Francesco D'Andria Prof. Francesco D’ANDRIA
Università del Salento - Dipartimento Beni Culturali
E-mail: francesco.dandria@unisalento.it
Home Page: link
Do the Gates to the Hell really exist?

For human beings, natural phenomena such as earthquakes, volcanoes, thermal springs and gas emissions are a powerful engine for the creation of myths, arousing wonder and raising important questions.

Together with the recent archaeological discoveries, the disciplines of geology, seismology and organic chemistry can today provide an answer to the question of whether there really is an entrance to the Underworld.

Biography

Hierapolis Afrodit

Francesco D'Andria is professor of Greek and Roman Archaeology and Art History at the University of Lecce. Director of the Post-Graduate School in Classical Archaeology up to 11/2013.

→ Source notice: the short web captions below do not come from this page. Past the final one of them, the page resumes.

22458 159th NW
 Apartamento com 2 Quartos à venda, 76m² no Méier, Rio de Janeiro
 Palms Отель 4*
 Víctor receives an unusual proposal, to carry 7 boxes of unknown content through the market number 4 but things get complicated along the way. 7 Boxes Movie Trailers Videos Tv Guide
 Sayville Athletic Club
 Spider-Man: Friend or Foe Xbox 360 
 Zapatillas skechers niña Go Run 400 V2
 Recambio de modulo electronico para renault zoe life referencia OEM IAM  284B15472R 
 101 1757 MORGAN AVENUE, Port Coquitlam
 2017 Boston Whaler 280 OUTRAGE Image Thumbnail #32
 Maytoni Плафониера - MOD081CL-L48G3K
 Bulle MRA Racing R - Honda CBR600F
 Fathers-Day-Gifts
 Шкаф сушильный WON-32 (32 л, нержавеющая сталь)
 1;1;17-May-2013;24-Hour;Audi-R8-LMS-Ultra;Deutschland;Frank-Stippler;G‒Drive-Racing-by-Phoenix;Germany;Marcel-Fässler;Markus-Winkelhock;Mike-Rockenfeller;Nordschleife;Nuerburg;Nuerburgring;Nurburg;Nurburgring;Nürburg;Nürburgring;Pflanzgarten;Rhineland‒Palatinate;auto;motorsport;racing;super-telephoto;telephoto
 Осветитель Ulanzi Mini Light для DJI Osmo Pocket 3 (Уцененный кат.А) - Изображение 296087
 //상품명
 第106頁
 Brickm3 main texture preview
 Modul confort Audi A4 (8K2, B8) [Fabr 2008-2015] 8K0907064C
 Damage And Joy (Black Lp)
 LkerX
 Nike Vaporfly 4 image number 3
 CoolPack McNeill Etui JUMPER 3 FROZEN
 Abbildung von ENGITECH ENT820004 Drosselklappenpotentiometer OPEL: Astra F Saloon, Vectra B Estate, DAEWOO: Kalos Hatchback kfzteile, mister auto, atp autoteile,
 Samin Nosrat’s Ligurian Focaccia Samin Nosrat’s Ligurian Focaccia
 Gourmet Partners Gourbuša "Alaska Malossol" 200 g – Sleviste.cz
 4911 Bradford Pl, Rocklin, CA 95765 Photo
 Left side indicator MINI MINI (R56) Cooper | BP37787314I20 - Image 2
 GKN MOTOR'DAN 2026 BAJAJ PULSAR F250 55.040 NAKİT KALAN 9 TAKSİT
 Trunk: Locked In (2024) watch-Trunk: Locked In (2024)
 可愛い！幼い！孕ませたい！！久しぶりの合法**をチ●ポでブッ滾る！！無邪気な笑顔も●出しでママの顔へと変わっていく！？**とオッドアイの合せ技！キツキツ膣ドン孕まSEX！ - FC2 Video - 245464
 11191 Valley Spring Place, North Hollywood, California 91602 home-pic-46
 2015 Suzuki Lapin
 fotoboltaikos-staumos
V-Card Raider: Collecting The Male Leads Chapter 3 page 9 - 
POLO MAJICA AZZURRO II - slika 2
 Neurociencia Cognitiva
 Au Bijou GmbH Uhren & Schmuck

Co-ordinator of the SOKRATES project of integration between European Universities (Lecce, Amsterdam, Pau, Barcellona, Louvain, Thessalonica); member of the National Heritage Council (Consiglio Nazionale BBCCAA) from1993 to 1997; co-ordinator of a research project on the ancient theatre at Segesta (Sicily), in collaboration with the Archaeological Superintendency of Trapani, the Scuola Normale of Pisa and Turin Polytechnic; director of Italian Archaeological Mission at Hierapolis (Turkey) from 2000; director of a CNR Institute of Archeological Heritage - Monuments and Sites (IBAM) from 2001 to 2010.

Corresponding member of: Deutsches Archaeologisches Institut of Berlin, British School at Rome, Austrian Institute of Archaeology at Vienna.

Together with the "Ecole Française a Rome" and the "Scuola Normale di Pisa", he directs excavations at the sites of Lecce, Oria, Otranto, Cavallino and Vaste, in Apulia, and is responsible for their publication in a series edited by the University.

Francesco D'Andria a Hierapolis

He carried out various seasons of excavations at Luni, in Magna Graecia (Metaponto, Sibari) and, in the Mediterranean, on Malta, Cyprus and in Turkey.

Due to researches on the Messapian and other Adriatic cultures in antiquity he developed strong links between Lecce and research institutes in Yugoslavia, Greece and Albania.

His archaeological research in the Mediterranean (Turkey, Sicily and southern Italy) is documented by more than 200 publications.